Activity: Whatever precedes the line containing "Luxury Plush Bathroom" is not copied; that line and every line after it through the final one below are copied exactly, except pictures.

Information supplied:
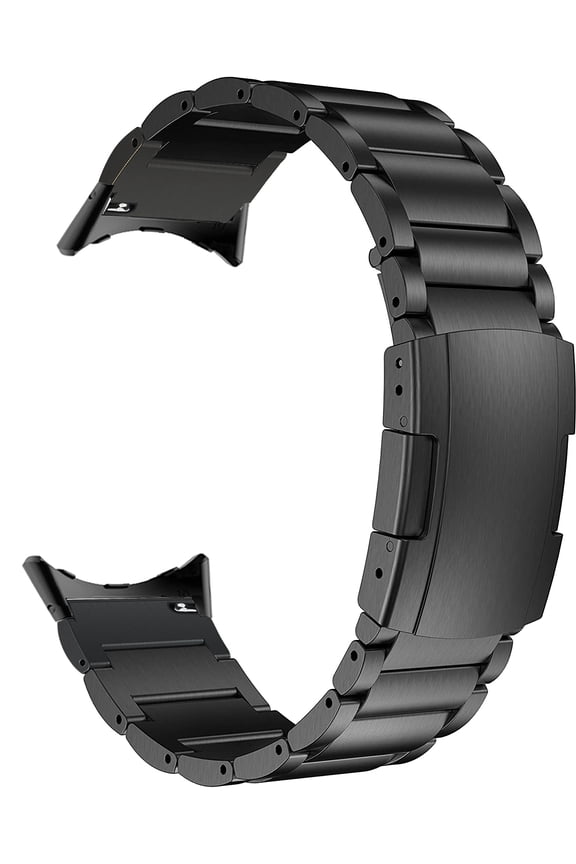 Titanium Wristband for Google Watch,Metal Bracelet Strap Include Adapter with Turtle Buckle for Google Pixel Watch 4/3 45mm [2025] (Black)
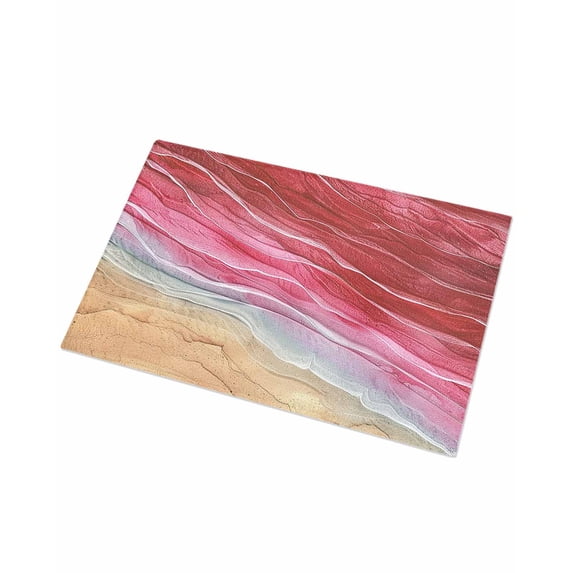 Luxury Plush Bathroom Rugs Mat, Red Ombre Coastal Soft Shaggy Bath Carpet, Summer Nautical Beach Ocean Seaside Non-Slip Floor Mat for Kitchen, Bedroom, 24"x35"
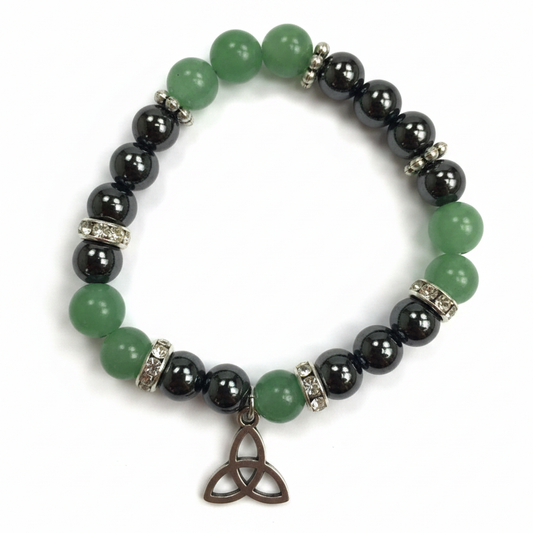 Green Aventurine Hematite Triquetra Bracelet, 8mm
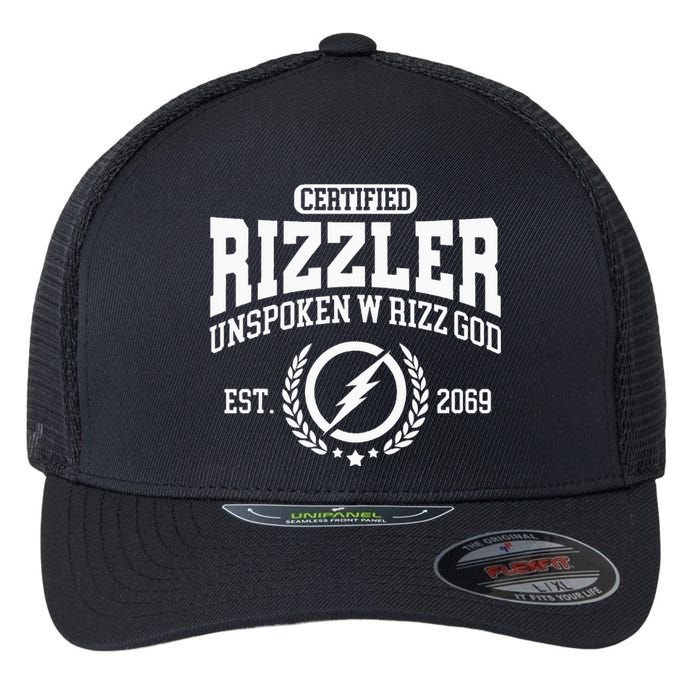 CERTIFIED RIZZLER UNSPOKEN RIZZ W RIZZ GOD Flexfit Unipanel Trucker Cap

Answer to this problem:
 Luxury Plush Bathroom Rugs Mat, Red Ombre Coastal Soft Shaggy Bath Carpet, Summer Nautical Beach Ocean Seaside Non-Slip Floor Mat for Kitchen, Bedroom, 24"x35"
 Green Aventurine Hematite Triquetra Bracelet, 8mm
 CERTIFIED RIZZLER UNSPOKEN RIZZ W RIZZ GOD Flexfit Unipanel Trucker Cap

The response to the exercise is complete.